Henry VIII bill in trouble

January 30, 1998

Lords expose confusion over right to charge fees

THE government was accused of misleading parliament this week after its controversial Teaching and Higher Education bill fell into disarray in the Lords.

The bill has been criticised for what peers call the "Henry VIII clauses" that give the education secretary unprecedented powers. Peers now argue that they have exposed a fundamental confusion over the right to charge undergraduate tuition fees.

They have called a second committee stage for part 2 of the bill because they tabled the wrong amendments during the first stage which ended this week. Peers say this was because the government was less than open about certain details, leading to a serious misunderstanding over the legal basis of charging fees.

Liberal Democrat peer Lord Tope said:"The government maintains that the 1962 Education Act gives them the power to introduce and control fees. However a range of leading legal experts says the government is wrong and it has misled parliament."

Earl Russell (Liberal) told The THES that he feared that the government had been deliberately opaque on certain matters to "evade serious challenge in the chamber". Conservative Baroness Blatch said: "Sadly, we are beginning to realise that it is a committee stage that in large part has proceeded on a mistaken understanding of what the government can claim to be the legitimate basis for the policy changes."

Confusion centres on the clauses relating to the imposition of Pounds 1,000 means-tested tuition fees for all home and European-domiciled undergraduates from October. The bill is not designed to authorise the charging of tuition fees but merely to prevent top-up fees.

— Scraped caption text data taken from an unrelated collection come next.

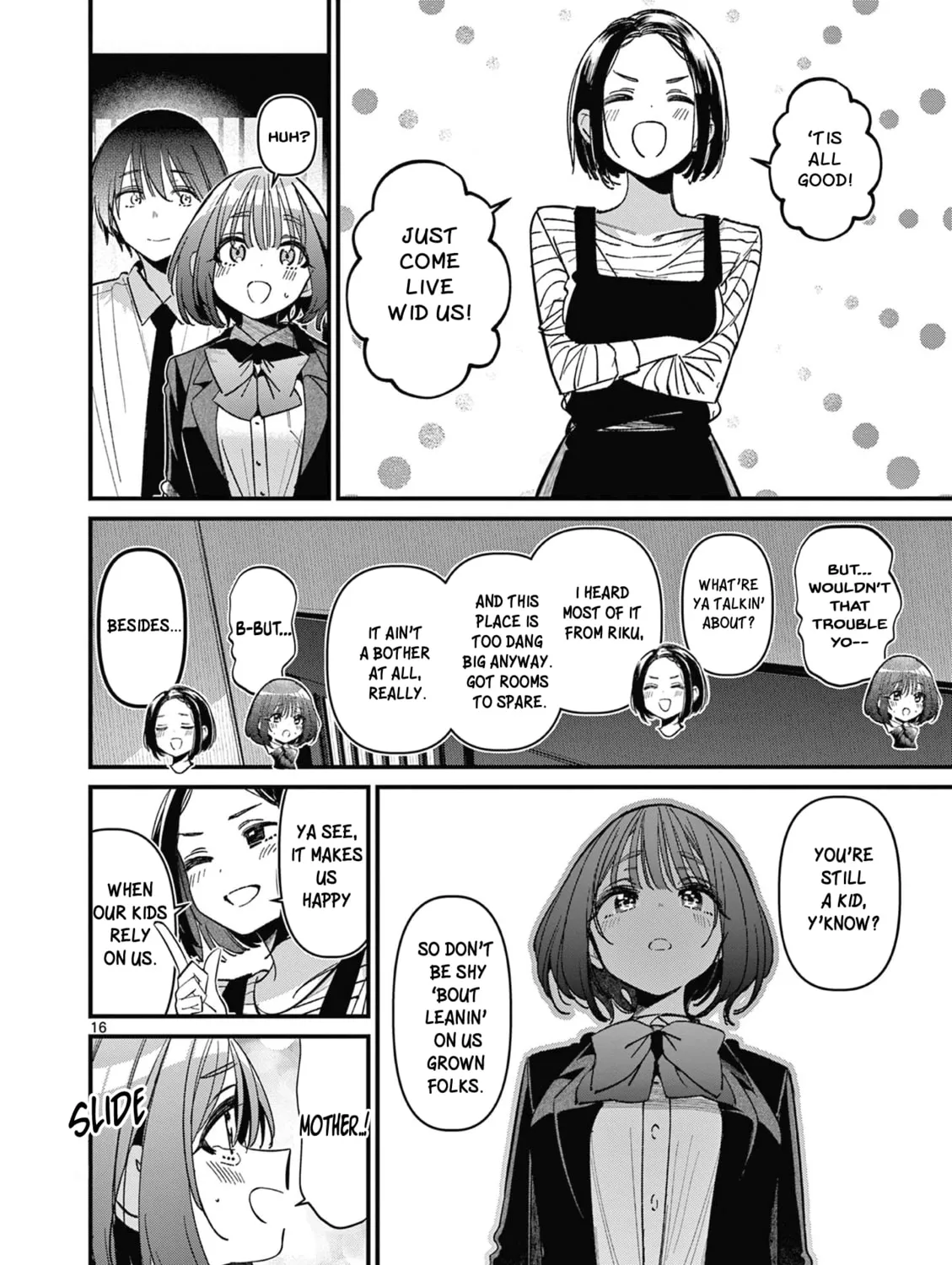 Read His Girlfriend chapter 60 image 30 on Lezhin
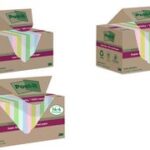 Post-it Super Sticky zelfklevende notitieblokjes, 76 x 76 mm, gekleurd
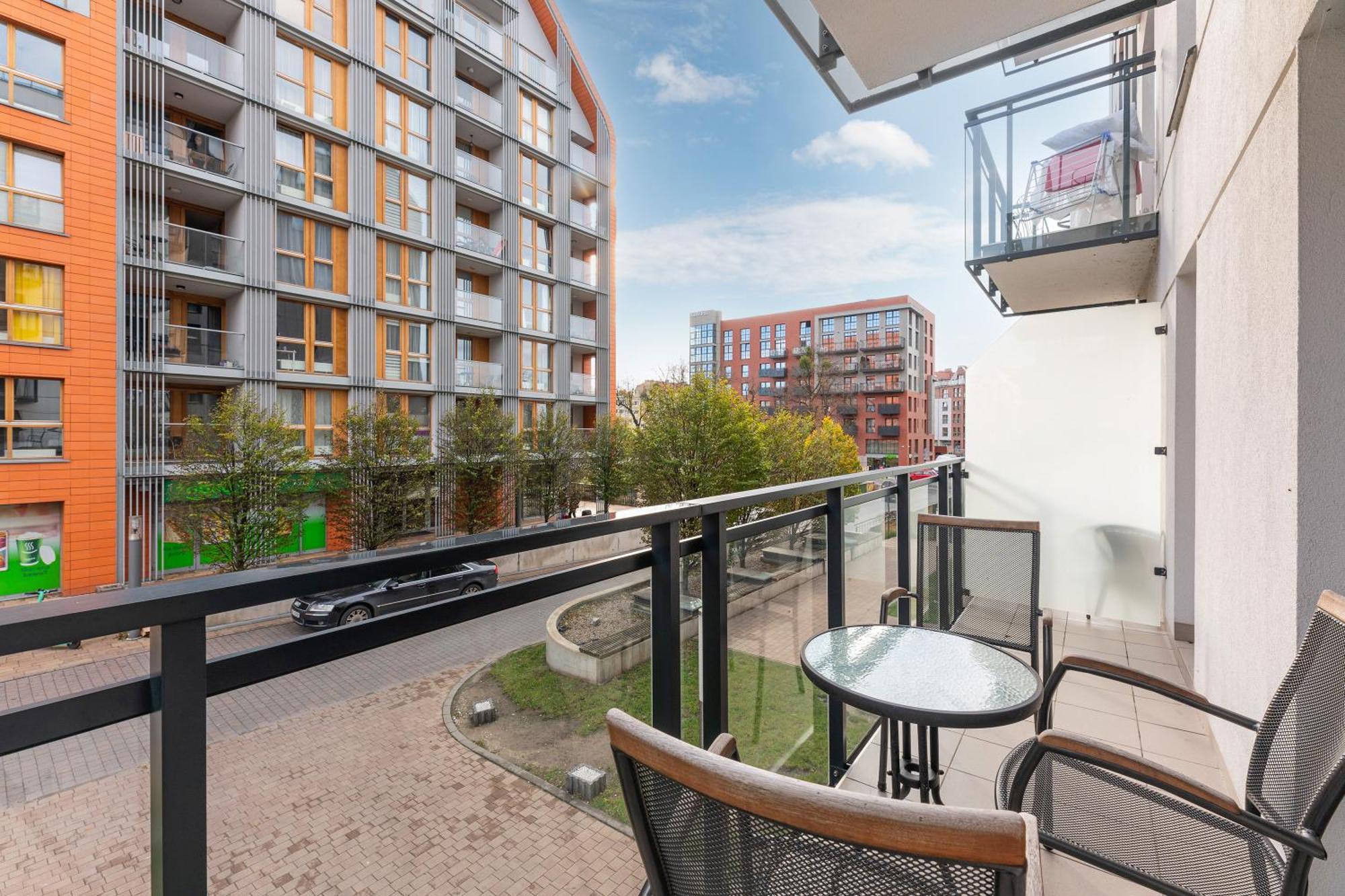 Aura III Apartments & Free Parking By Downtown Apartments Gdaňsk Exteriér fotografie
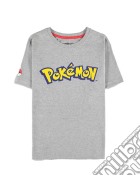 T-Shirt Pokemon Logo Donna XXL game acc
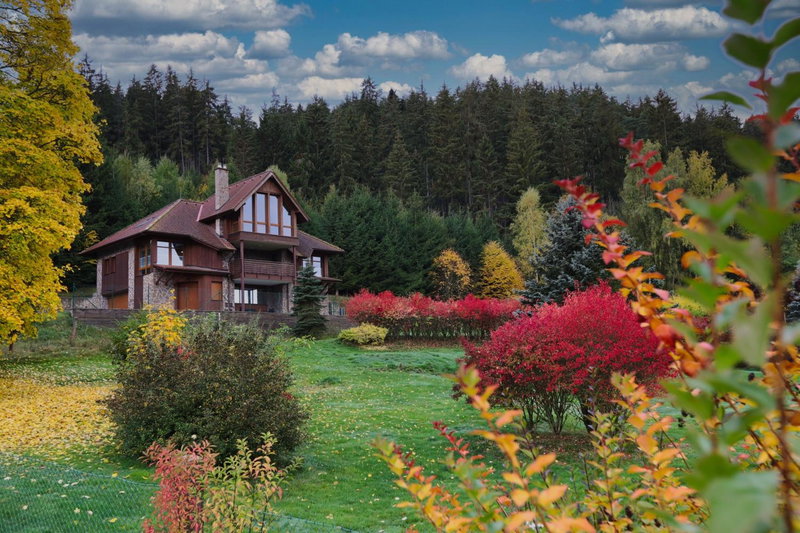 Hotel Villa Golf Cihelny, Karlovy Vary, Czechia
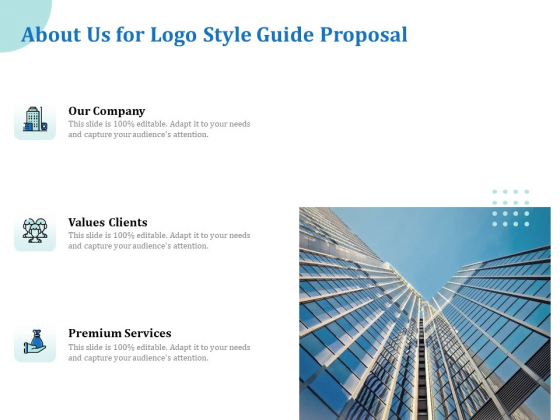 A Step By Step Guide To Creating Brand Guidelines About Us For Logo Style Guide Proposal Infographics PDF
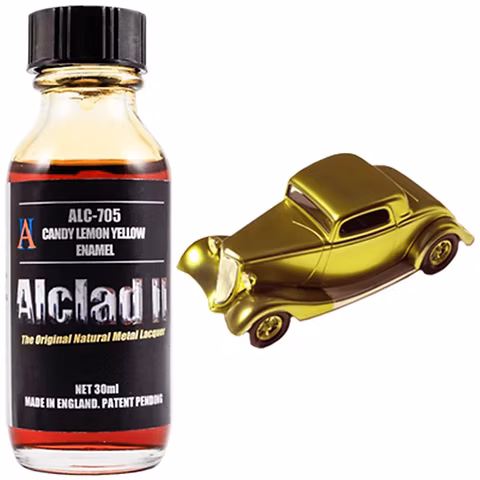Candy Lemon Yellow Enamel 30ml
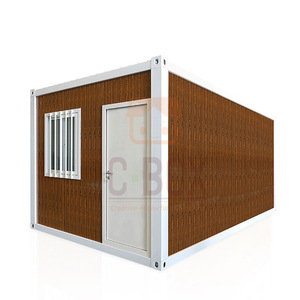 Casa Contenedor Desmontable Rectangular de Espesor Estándar para Uso en Oficinas, Diseño Moderno, Origen Sudeste Asiático - Product Image 5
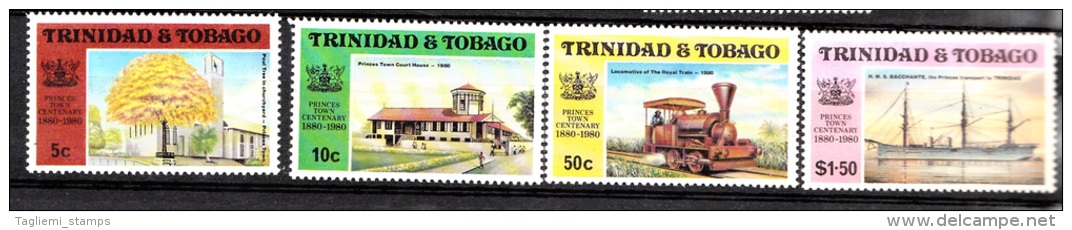 Trinidad & Tobago, 1980, SG 555 - 558, Set Of 4, MNH - Trinidad & Tobago (1962-...)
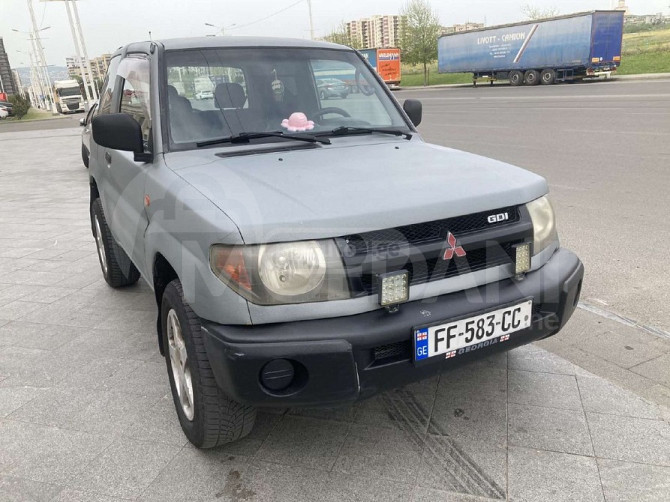 Mitsubishi Pajero iO 1998 Тбилиси - изображение 1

But when education minister Baroness Blackstone said that the power to charge fees was contained in the Education Act 1962, peers were unconvinced. They say the 1962 act imposes a duty on local authorities to pay student grants. These used to cover tuition costs. Now the government wants students to pay their own tuition costs direct to the university. Earl Russell said: "(The 1962 act) does not create any authority to levy money from the student."

Baroness Blatch said: "The fees referred to are fees that the government paid on behalf of each student. The fees now being charged are a very different matter."

Baroness Blackstone said: "It is precisely because the government does not set university fees that we are seeking reserve powers in clause 18 to prevent universities from charging more than the maximum level of support available to students if necessary." She said the bill would prevent universities charging fees of more than Pounds 1,000 in certain circumstances.

Baroness Blackstone said there was no legal reason why universities could not charge less than Pounds 1,000 though this could jeopardise educational quality. However the bill still states that fees must be "equal to the prescribed amount".